This site is intended for Healthcare Professionals only

Dear Janet

Front Desk

Dear Janet

  By Rob Darracott

Dear Janet, Congratulations and welcome to community pharmacy. I wish you success in getting those you now represent the recognition they deserve and the resources required to continue to deliver for the public. Here are three things to prioritise as the PSNC’s new chief executive to help you get there.

Representation. Two and a half years ago, your predecessor kicked off a review of the shape of representation. It was a brave move and the right one – the PSNC stopped pulling up trees ages ago, and it had been clear to anyone who was paying attention that the PSNC’s long standing position that “local isn’t important” was for the birds. The pharmacy network’s community focus and neighbourhood reach is a vital, largely untapped resource. To make the most of it, pharmacy representation locally needs investment and support. 

What’s happened since? To the outside observer, introspection. Important, yes, when there’s lots to be fixed, but for two years? The focus seems to be more on how many people of what stripe will sit around the table bumping their gums than agreeing what needs to be done to support contractors in a multilevel NHS environment and working out how to do it.

With integrated care systems almost upon us, and NHS England upping the ante with £75k jobs designed to knit the system (including community pharmacy) together, we are inching towards what? A vote on whether the board table has 10 seats or 12? Fortunately, local leaders focused on what delegated commissioning might mean for contractors, are on the case. I’d recommend getting out and about, working out how to meet the new reality of system, place, neighbourhood with a multi-layered representational response which connects, learns, builds and negotiates for community pharmacy. 

Strategy (and policy). Among the 33 recommendations in Professor David Wright's review were some that were ‘obvious, implementable tomorrow’. None have been. The novel suggestion for policy development? No. Nothing. Training and development for the underpowered negotiating team, so they’re more like the docs? No, don’t think so.

The good professor also said the sector needs a clear strategy. No, nothing there either. NHS England continue to make all the running. We’re as far from a joined up approach (Wales, Scotland) as we ever were. Strategies don’t grow on trees, but you can put one together with expert help in about four weeks if you try hard enough… or at all. 

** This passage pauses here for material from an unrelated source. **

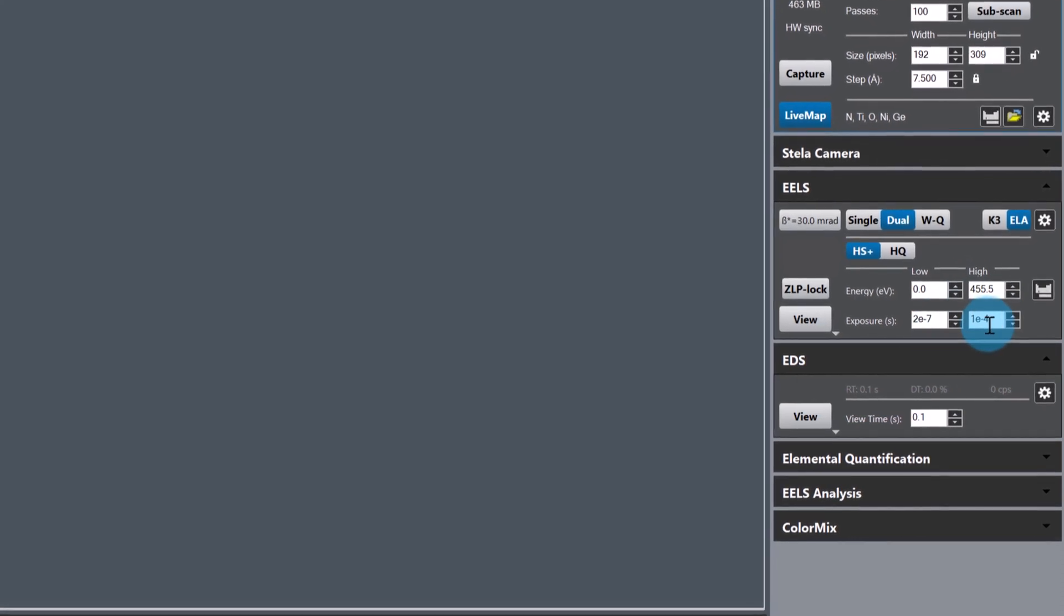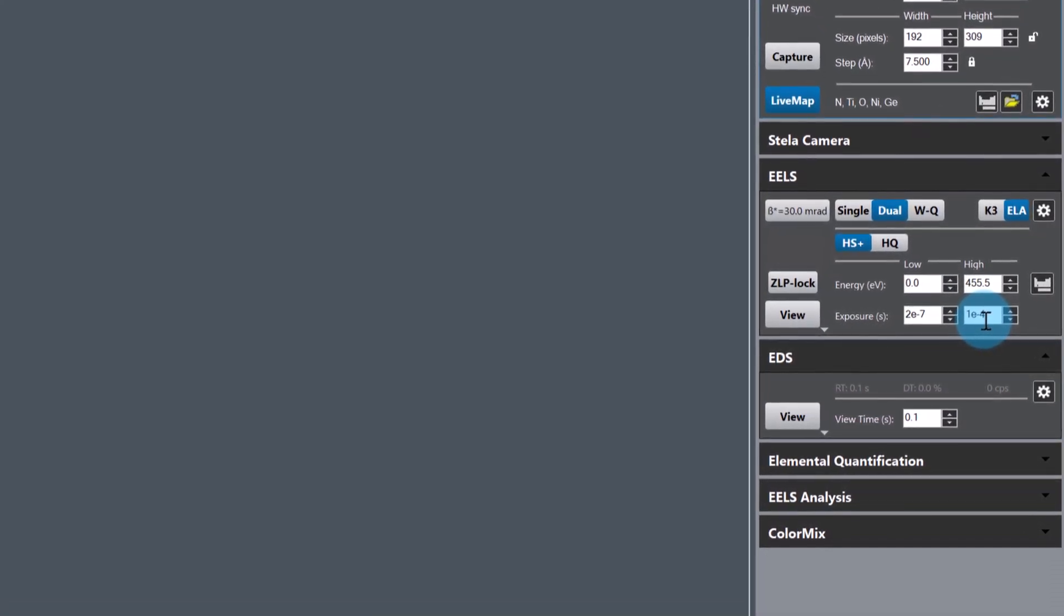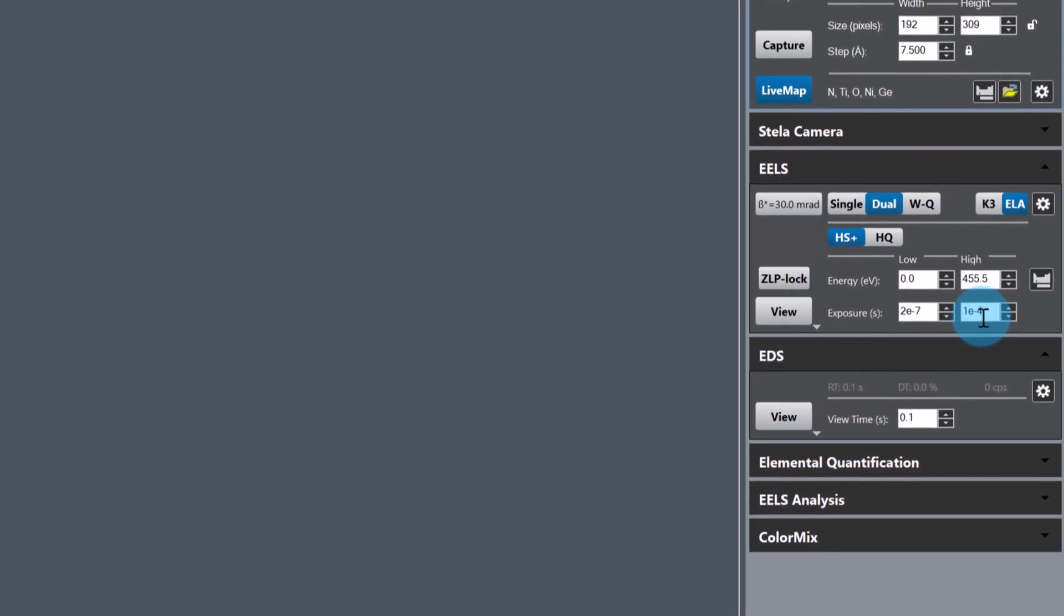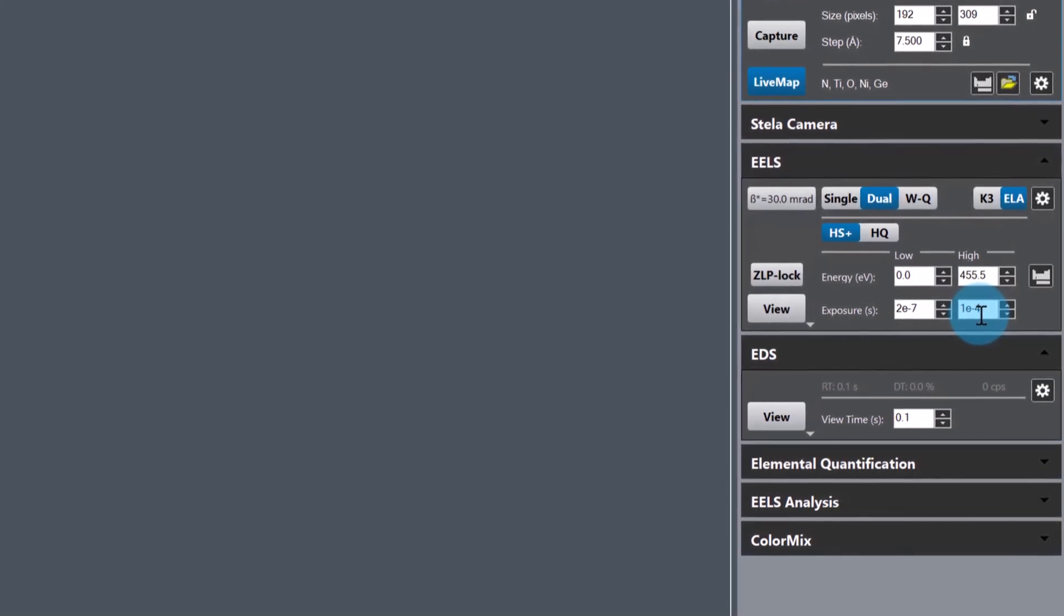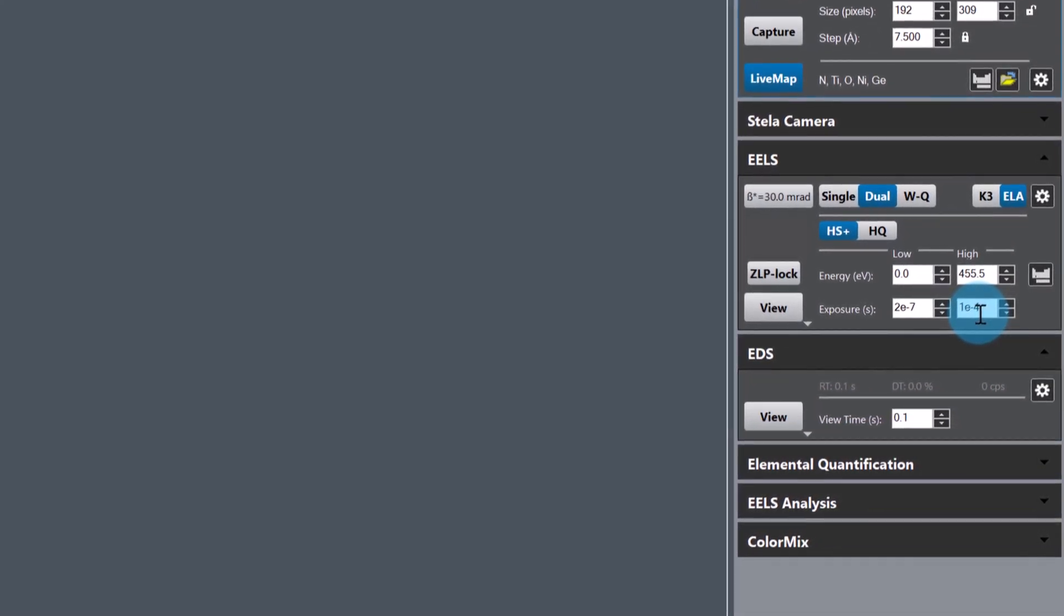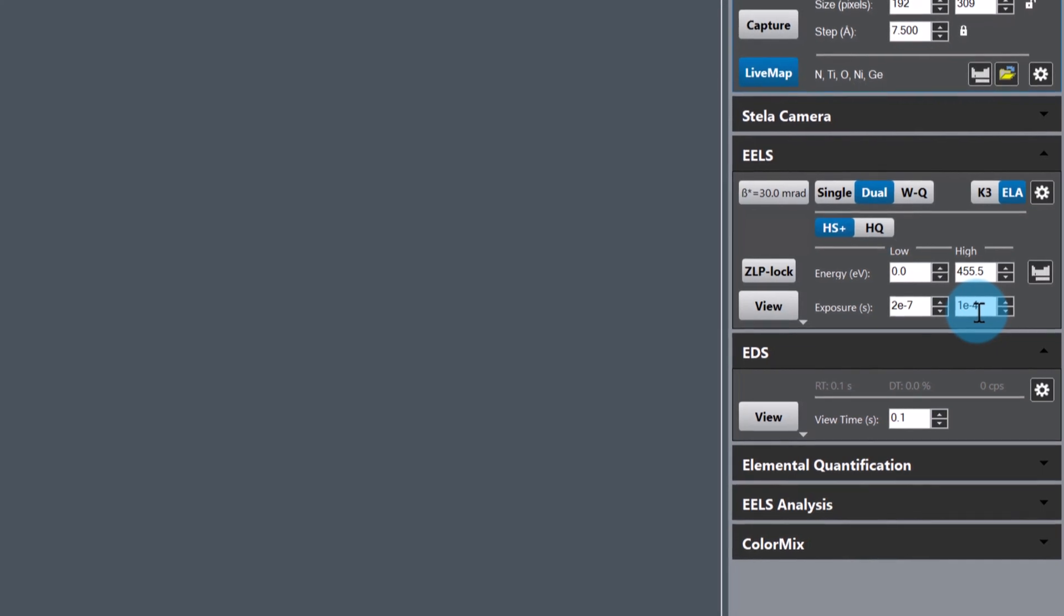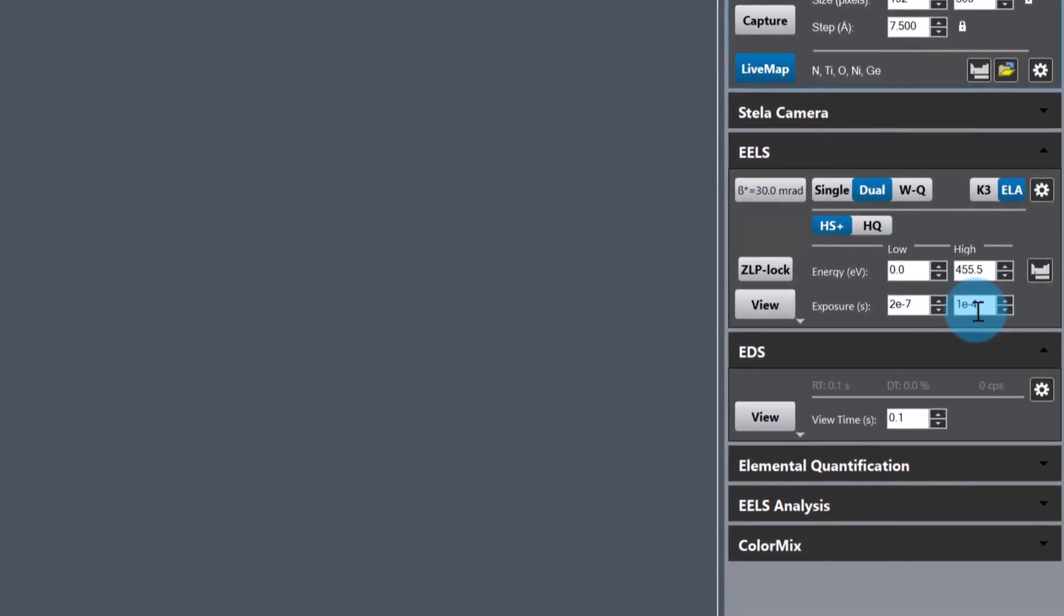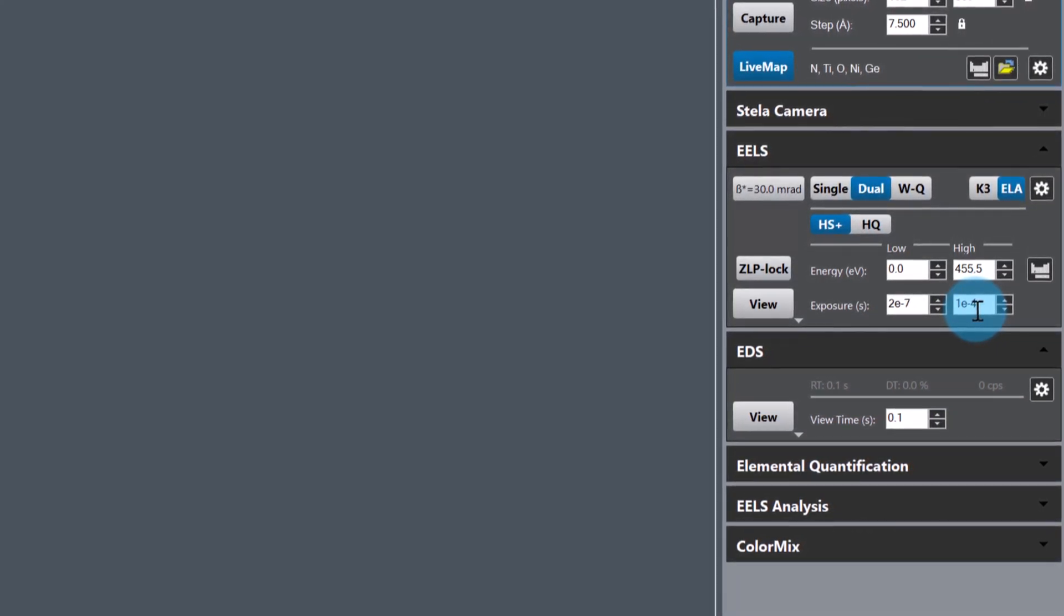I've chosen zero EV for the low loss so I can capture the zero loss peak for energy calibration and low loss spectra for plural scattering correction. I'm using a very short exposure time of 0.2 microseconds to avoid saturating the CCD.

Personnel. With elections due in 2023, there’s less than 12 months to think about how the PSNC might benefit from an infusion of new blood. After seven years of real terms funding cuts, confidence in contractor leadership is low. Time, maybe, to have a quiet word with those who have been around the table more than, say, 10 years and tell them they’ve done their bit. Clinical. Local. Digital. That’s light years from the style of pharmacy prevalent when they joined the Committee.

As for the kind of people who should replace them, I’ve got a little list if you need one.